**Your objective:**
All lines from the opening of the data to the line containing "Sony CDP-XB930 qs" must be returned unchanged, and only those lines.

**Source data:**
▼▼▼
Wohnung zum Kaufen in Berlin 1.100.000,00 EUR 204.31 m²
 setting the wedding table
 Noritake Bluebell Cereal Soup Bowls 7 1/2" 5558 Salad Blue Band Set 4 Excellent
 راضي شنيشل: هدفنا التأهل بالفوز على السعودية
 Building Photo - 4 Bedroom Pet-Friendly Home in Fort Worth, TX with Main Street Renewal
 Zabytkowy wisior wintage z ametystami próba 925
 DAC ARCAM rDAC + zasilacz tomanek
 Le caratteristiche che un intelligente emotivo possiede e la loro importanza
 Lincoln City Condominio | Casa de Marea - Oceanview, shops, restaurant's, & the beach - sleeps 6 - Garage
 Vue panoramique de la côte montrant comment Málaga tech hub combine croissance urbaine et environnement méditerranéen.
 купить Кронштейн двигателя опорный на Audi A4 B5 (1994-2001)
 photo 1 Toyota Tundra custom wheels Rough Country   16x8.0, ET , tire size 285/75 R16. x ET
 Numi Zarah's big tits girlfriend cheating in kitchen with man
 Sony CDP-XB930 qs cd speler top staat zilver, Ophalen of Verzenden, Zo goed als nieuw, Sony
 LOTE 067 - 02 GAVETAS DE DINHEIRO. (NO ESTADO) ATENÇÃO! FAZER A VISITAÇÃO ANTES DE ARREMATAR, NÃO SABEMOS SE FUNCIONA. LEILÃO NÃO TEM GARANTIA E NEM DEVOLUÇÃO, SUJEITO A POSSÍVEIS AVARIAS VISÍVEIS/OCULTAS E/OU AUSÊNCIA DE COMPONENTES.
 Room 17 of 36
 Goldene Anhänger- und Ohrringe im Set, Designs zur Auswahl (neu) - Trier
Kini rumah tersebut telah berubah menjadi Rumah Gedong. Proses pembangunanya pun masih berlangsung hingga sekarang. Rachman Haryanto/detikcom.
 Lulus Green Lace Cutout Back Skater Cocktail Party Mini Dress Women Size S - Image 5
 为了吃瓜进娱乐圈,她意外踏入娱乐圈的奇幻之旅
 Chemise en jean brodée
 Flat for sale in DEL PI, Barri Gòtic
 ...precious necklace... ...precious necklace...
▲▲▲
**Response to the exercise:**
Wohnung zum Kaufen in Berlin 1.100.000,00 EUR 204.31 m²
 setting the wedding table
 Noritake Bluebell Cereal Soup Bowls 7 1/2" 5558 Salad Blue Band Set 4 Excellent
 راضي شنيشل: هدفنا التأهل بالفوز على السعودية
 Building Photo - 4 Bedroom Pet-Friendly Home in Fort Worth, TX with Main Street Renewal
 Zabytkowy wisior wintage z ametystami próba 925
 DAC ARCAM rDAC + zasilacz tomanek
 Le caratteristiche che un intelligente emotivo possiede e la loro importanza
 Lincoln City Condominio | Casa de Marea - Oceanview, shops, restaurant's, & the beach - sleeps 6 - Garage
 Vue panoramique de la côte montrant comment Málaga tech hub combine croissance urbaine et environnement méditerranéen.
 купить Кронштейн двигателя опорный на Audi A4 B5 (1994-2001)
 photo 1 Toyota Tundra custom wheels Rough Country   16x8.0, ET , tire size 285/75 R16. x ET
 Numi Zarah's big tits girlfriend cheating in kitchen with man
 Sony CDP-XB930 qs cd speler top staat zilver, Ophalen of Verzenden, Zo goed als nieuw, Sony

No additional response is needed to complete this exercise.